E se si verifica l'abolizione di questa corte, il ministro Tahiri dice che adempirà tutti i suoi obblighi.
“Qualunque sia il cambiamento di questa legge, noi, come il governo della Repubblica del Kosovo e di tutte le istituzioni, siamo obbligati ad attuare e stiamo aspettando ciò che accadrà nei prossimi giorni, se sarà parte dell'ordine del giorno dell'Assemblea o non di assunzione, ha detto il ministro Tahiri.
Un'altra opzione della Corte speciale, se è abolita, rimane l'istituzione di un tribunale del Consiglio di Sicurezza delle Nazioni Unite.
Per l'istituzione di un tale tribunale da parte del Consiglio di sicurezza, il ministro Tahiri ha detto che non hanno alcuna posizione ufficiale come il governo del Kosovo.
Nel frattempo, i membri della società civile, l'iniziativa dei deputati dell'Assemblea del Kosovo, lo vedono come avventure pericolose che mettono in pericolo il futuro del Kosovo nell'arena internazionale.
Ehat Miftaraj dell'Istituto di Giustizia del Kosovo, afferma la fondazione di un tribunale del Kosovo che proverebbe crimini di guerra, conflitti con gli obblighi internazionali che il Kosovo ha assunto in relazione all'Unione europea e allo stato dei Paesi Bassi.

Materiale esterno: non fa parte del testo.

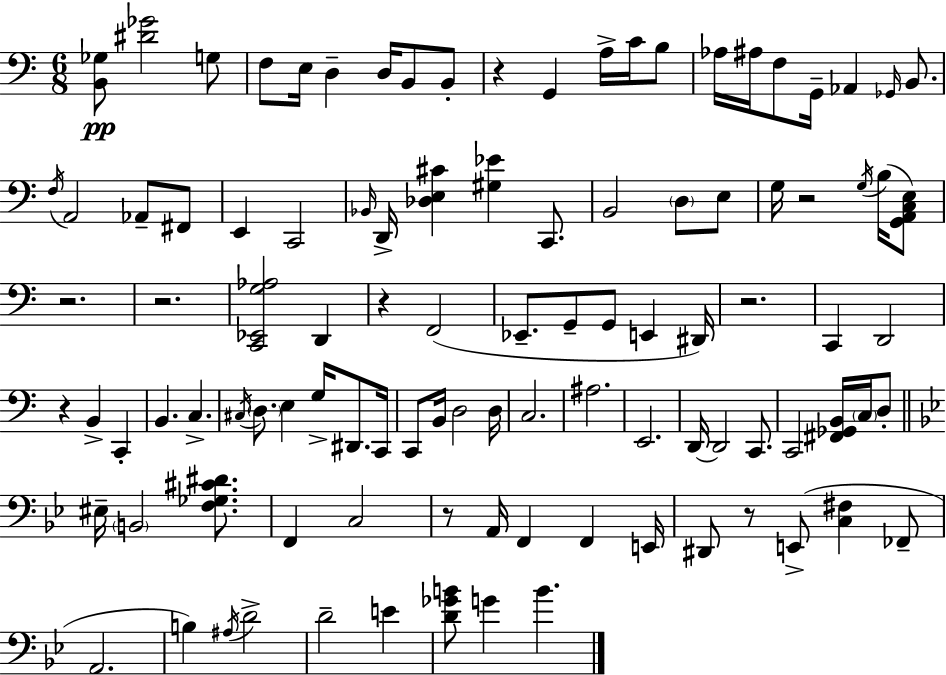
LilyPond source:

{
  \clef bass
  \numericTimeSignature
  \time 6/8
  \key a \minor
  \repeat volta 2 { <b, ges>8\pp <dis' ges'>2 g8 | f8 e16 d4-- d16 b,8 b,8-. | r4 g,4 a16-> c'16 b8 | aes16 ais16 f8 g,16-- aes,4 \grace { ges,16 } b,8. | \break \acciaccatura { f16 } a,2 aes,8-- | fis,8 e,4 c,2 | \grace { bes,16 } d,16-> <des e cis'>4 <gis ees'>4 | c,8. b,2 \parenthesize d8 | \break e8 g16 r2 | \acciaccatura { g16 }( b16 <g, a, c e>8) r2. | r2. | <c, ees, g aes>2 | \break d,4 r4 f,2( | ees,8.-- g,8-- g,8 e,4 | dis,16) r2. | c,4 d,2 | \break r4 b,4-> | c,4-. b,4. c4.-> | \acciaccatura { cis16 } \parenthesize d8. e4 | g16-> dis,8. c,16 c,8 b,16 d2 | \break d16 c2. | ais2. | e,2. | d,16~~ d,2 | \break c,8. c,2 | <fis, ges, b,>16 \parenthesize c16 d8-. \bar "||" \break \key g \minor eis16-- \parenthesize b,2 <f ges cis' dis'>8. | f,4 c2 | r8 a,16 f,4 f,4 e,16 | dis,8 r8 e,8->( <c fis>4 fes,8-- | \break a,2. | b4) \acciaccatura { ais16 } d'2-> | d'2-- e'4 | <d' ges' b'>8 g'4 b'4. | \break } \bar "|."
}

Non dobbiamo dimenticare che la Corte Speciale è attualmente in fase finale del suo funzionamento. Da non trascurare è il fatto che decine di milioni di euro sono stati spesi per il funzionamento di questo tribunale, quindi sarà anche molto difficile per il Kosovo o una missione impossibile di istituire tale tribunale in Kosovo
Al contrario, per quanto riguarda la possibilità di istituire un tribunale del Consiglio di Sicurezza delle Nazioni Unite, Miftaraj afferma che le conseguenze in questo caso sarebbero incompatibili.
Egli aggiunge che gli Stati Uniti d'America hanno pubblicamente dichiarato che non impedirà la fondazione di questo tribunale se avviato dalla Russia sul Consiglio di Sicurezza, e dove la Russia e la Serbia avrebbero un ruolo importante, ma altri Stati che si oppongono alla cittadinanza del Kosovo.
Secondo lui, il Kosovo dimostrerebbe che non è disposto a prendere obblighi internazionali e che avrebbe influenzato lo Stato del Kosovo a inciampare durante l'adesione a varie organizzazioni.
In caso contrario, i deputati dell'Assemblea del Kosovo, a fine dicembre, hanno cercato di infrangere la legge sulle sezioni specializzate della Corte speciale, che hanno votato nel 2015. La loro iniziativa, “upulova” temporaneamente a seguito di pressioni internazionali. Nel frattempo, all'inizio del 2018, alcune delle iniziali di questa idea hanno dichiarato che l'iniziativa di abolire la Legge della Corte Speciale sarà ripristinata all'Assemblea.
La Corte speciale per i crimini di guerra in Kosovo dovrebbe indagare sui presunti crimini dei membri dell'ex esercito di liberazione del Kosovo, riferito commesso a membri di comunità minoritarie e avversari politici dal 1998 fino alla fine del 2000, come il senatore Dick Marty ha descritto nella sua relazione al Consiglio europeo.